デンマークに住み始めてまもない頃、スーパーのレジでいつものようにお金を払った後、夫にこんな注意を受けた。「その態度はどうかなぁ。
お金を渡すときには『どうぞ』、買ったら『ありがとう』というのが礼儀じゃないか」それを聞いた私は面喰ってしまった。とくに失礼な態度をとったつもりはなかったからだ。

また、店員が客に御礼を言わないのに、客が店員に御礼を言うというのもどこか妙な感じがした。「え!? だってお金を払っているのは客、もらっているのは店員だよ。どうして店員じゃなくて、客が御礼を言わなきゃいけないの?」と、夫に言い返すと、夫はちょっと困った顔をして「客も店員も同じ人間だ。それに、何かをしてもらったら御礼を言うのが当たり前じゃないか」との回答だった。
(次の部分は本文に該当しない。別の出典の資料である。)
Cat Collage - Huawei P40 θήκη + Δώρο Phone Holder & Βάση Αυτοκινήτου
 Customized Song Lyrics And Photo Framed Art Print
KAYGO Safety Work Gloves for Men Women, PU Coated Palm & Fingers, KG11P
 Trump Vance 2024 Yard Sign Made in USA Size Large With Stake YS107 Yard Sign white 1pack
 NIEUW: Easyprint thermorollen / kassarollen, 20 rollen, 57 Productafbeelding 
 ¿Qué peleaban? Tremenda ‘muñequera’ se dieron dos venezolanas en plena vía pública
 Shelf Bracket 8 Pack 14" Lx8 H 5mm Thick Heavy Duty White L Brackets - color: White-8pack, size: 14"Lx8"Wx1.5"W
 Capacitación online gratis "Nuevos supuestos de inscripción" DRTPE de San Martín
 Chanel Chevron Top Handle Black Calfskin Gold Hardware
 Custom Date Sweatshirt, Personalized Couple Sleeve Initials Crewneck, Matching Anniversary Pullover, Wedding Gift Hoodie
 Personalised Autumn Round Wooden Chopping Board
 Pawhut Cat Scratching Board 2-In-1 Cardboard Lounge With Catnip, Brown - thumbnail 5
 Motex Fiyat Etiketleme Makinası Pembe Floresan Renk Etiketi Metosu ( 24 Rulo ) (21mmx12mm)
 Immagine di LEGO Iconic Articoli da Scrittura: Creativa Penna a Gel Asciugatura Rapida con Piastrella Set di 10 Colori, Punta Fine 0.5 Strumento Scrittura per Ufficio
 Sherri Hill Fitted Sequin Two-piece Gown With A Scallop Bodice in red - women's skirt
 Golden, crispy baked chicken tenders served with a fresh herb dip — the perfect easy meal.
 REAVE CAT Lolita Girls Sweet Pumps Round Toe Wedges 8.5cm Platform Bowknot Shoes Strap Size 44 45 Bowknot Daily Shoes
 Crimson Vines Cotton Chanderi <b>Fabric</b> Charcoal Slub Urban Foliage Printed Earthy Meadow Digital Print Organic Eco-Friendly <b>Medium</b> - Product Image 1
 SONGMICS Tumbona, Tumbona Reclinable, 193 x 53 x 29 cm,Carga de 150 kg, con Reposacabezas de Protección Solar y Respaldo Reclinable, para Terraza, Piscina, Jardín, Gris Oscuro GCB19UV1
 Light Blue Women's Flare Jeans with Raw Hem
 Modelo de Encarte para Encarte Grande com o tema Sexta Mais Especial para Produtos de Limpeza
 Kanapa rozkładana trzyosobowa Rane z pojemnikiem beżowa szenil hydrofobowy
その後、しばらく、私はデンマークのスーパーやショップを観察しているが、店員が客に御礼を言う場面をあまり見かけない。いったい、どういうことなのか? 「お客様第一」の日本から来た私としてはこの心理は理解しがたい。そこで、身近なデンマーク人に尋ねてみることにした。が、誰に聞いても、明快な説明が返ってこない。どうやら、デンマーク人にとって、それは当たり前の日常であり、習慣であり、論理で説明できるものではないらしい。

それにしても、デンマークの接客には首を傾げたくなることがよくある。
デパートで店員にセールの最終日を聞いても「知らない」という回答が返ってくるだけだったり、空港で宅配サービスがあるかを尋ねても「はぁ? 何をしたいんだ? ここは空港だ」という乱暴な回答が返ってきたりした。さらに、ホテルでインターネットの使い方がわからなくて尋ねたときも「使えないわけないでしょ」と言われて終わったり……。とにかく、客の方が脅えてしまうような例は、枚挙にいとまがない。デンマークに来た最初の頃、私はこんな対応を受けるたびにショックを受けていた。だが、しばらく住んでいるうちに慣れてきて、たまに丁寧な接客をされると、御礼の言葉が自然に出てくるようになった。

では、こんな接客に慣れているデンマーク人から見て、異国の接客はどのように映るのだろうか? 身近なデンマーク人に尋ねてみると、その回答がなんとも面白かった。「アメリカで店に入ったら、店員が話しかけてきたの! 知り合いでもないのに『元気?』とか聞かれて、気持ち悪かったわ~」と、こんなことを言っていたのは、じつは1人だけではない。どうやら、サービス精神溢れる親しみのこもった接客は、デンマーク人の目には、不自然で気持ち悪いものに映るらしい。だが、その一方で、異国で接客サービスに感動したというコメントもよく聞く。やはり、海外に出ると、デンマーク人は自国の接客の質がイマイチなことに気がつくようだ。
ちなみに、日本を訪れたデンマーク人は「日本人は笑顔で何でもしてくれて、日本旅行中は王様になったみたいだった」と言っていた。

日本人である私は、客として丁寧に接客されることに慣れている。
そのため、夫に指摘されたように、私は自分でも気がつかないうちに、客として横柄な態度をとっていたのかもしれない……。私がデンマーク人の接客に首を傾げるように、デンマーク人は客としての私の態度に首を傾げていたのかもしれない。「お客様第一」は世界共通ではない。客の立場であっても、相手への感謝の気持ちは忘れずにいたいものだと思った。